Lindenau is survived by his wife, Tonya, and their four children, Rachael, Gabe, Sarah and Hannah of Fort Bragg, N.C.

For Capt. Lindenau's bio, click here...


----------



## whiterose (Oct 22, 2008)

RIP, paratrooper.


----------



## Viper1 (Oct 22, 2008)

Rest in peace.... God be with your family.


----------



## 0699 (Oct 22, 2008)

RIP Warrior.


----------



## Rabid Badger (Oct 22, 2008)

Damn sad news.  RIP Warrior.


----------



## LibraryLady (Oct 22, 2008)

RIP Captain Lindenau

Prayers out to your family, especially your little ones, and to all those in harms way.

LL


----------



## Trip_Wire (Oct 22, 2008)

RIP CPT


----------



## HoosierAnnie (Oct 22, 2008)

Rest Well, Captain.  Prayers of comfort, strength and courage for the family left to carry on.


----------



## racing_kitty (Oct 22, 2008)

Rest in peace, sir.  Your war is over.  Thank you for your service.  My prayers to your family in their hour of need.


----------



## metalchica (Oct 22, 2008)

*Another CA KIA*

Army Sgt.

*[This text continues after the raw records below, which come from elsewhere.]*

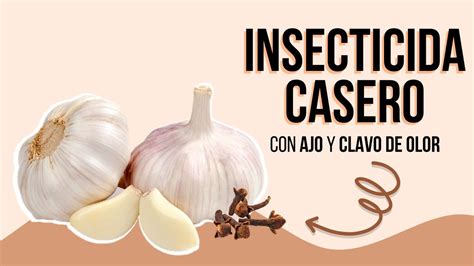 Insecticida Casero Con Ajo Y Clavo De Olor Youtube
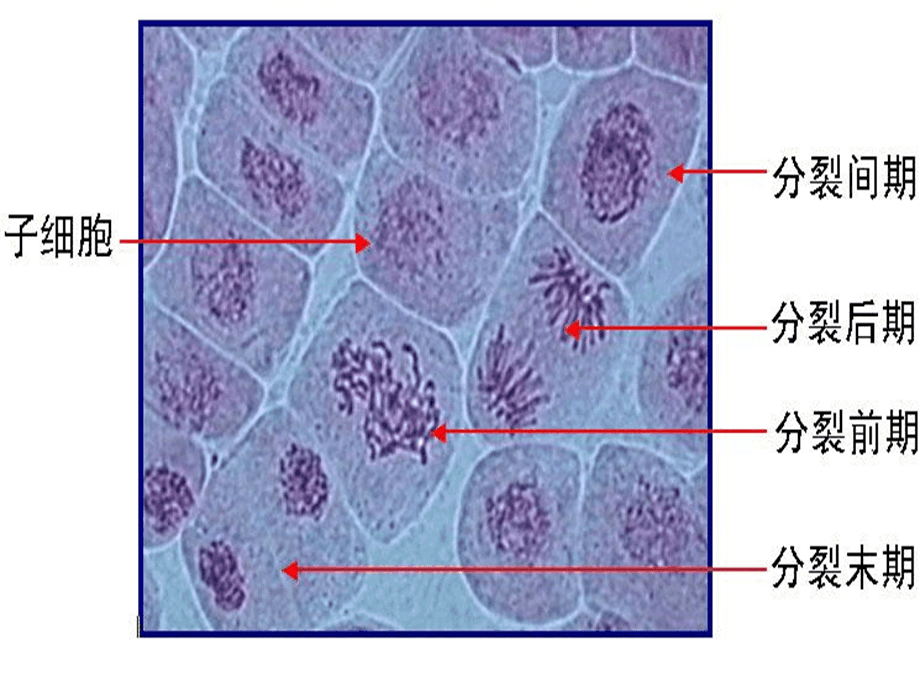 细胞免疫应答细胞_重生细胞_细胞分裂1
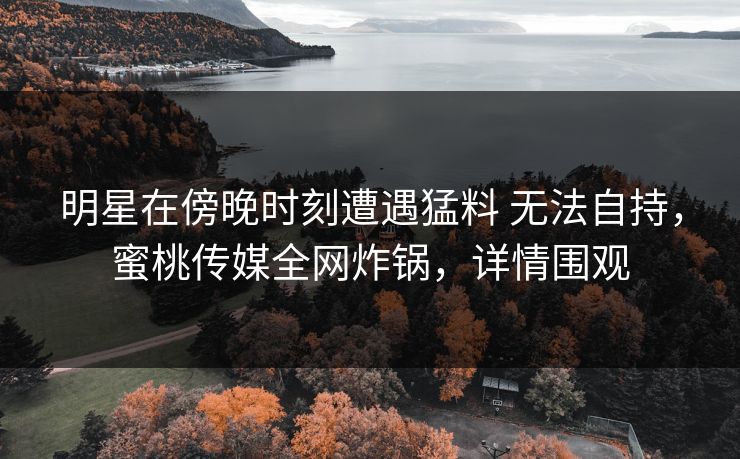 明星在傍晚时刻遭遇猛料 无法自持，蜜桃传媒全网炸锅，详情围观
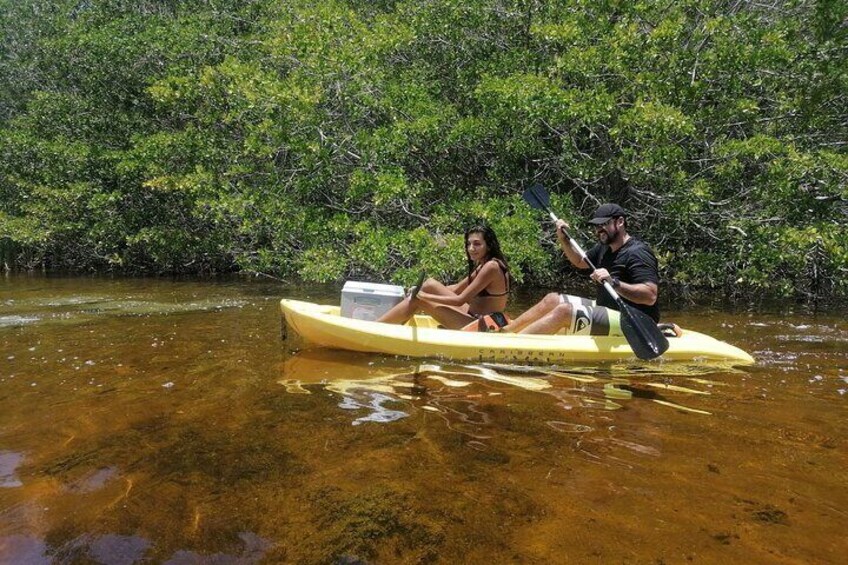 Sisal kayak through Mangroves & Bird watching from Merida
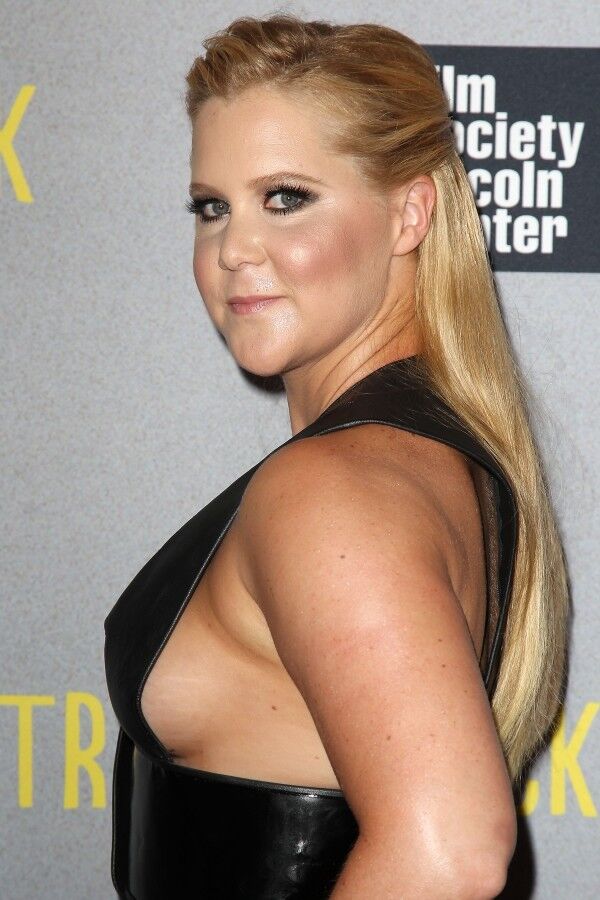 Free porn pics of FrenchStalker Album - Amy Schumer 21 of 29 pics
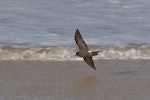 Leach's storm petrel. Adult in flight. Le Porge, France, November 2023. Image © Cyril Vathelet by Cyril Vathelet.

Federico G. Borjas, 33, of San Diego; assigned to 416th Civil Affairs Battalion, 351st Civil Affairs Command, U.S. Army Reserve, San Diego; died Oct. 16 in Bermel District Center, Afghanistan, of wounds sustained from small-arms fire during a dismounted patrol. 

RIP CPT Lindenau and SGT Borjas


----------



## Gypsy (Oct 22, 2008)

Rest in Peace, CPT Lindenau and SGT Borjas.


----------



## Typhoon (Oct 23, 2008)

RIP Sgt. Borjas and Captain Lindenau. My thoughts and prayers out to all those with whom they served, and to their families and friends back at home.

I will keep their memory in my heart this night...


----------



## RackMaster (Oct 23, 2008)

RIP.


----------



## 08steeda (Oct 23, 2008)

RIP Brothers!


----------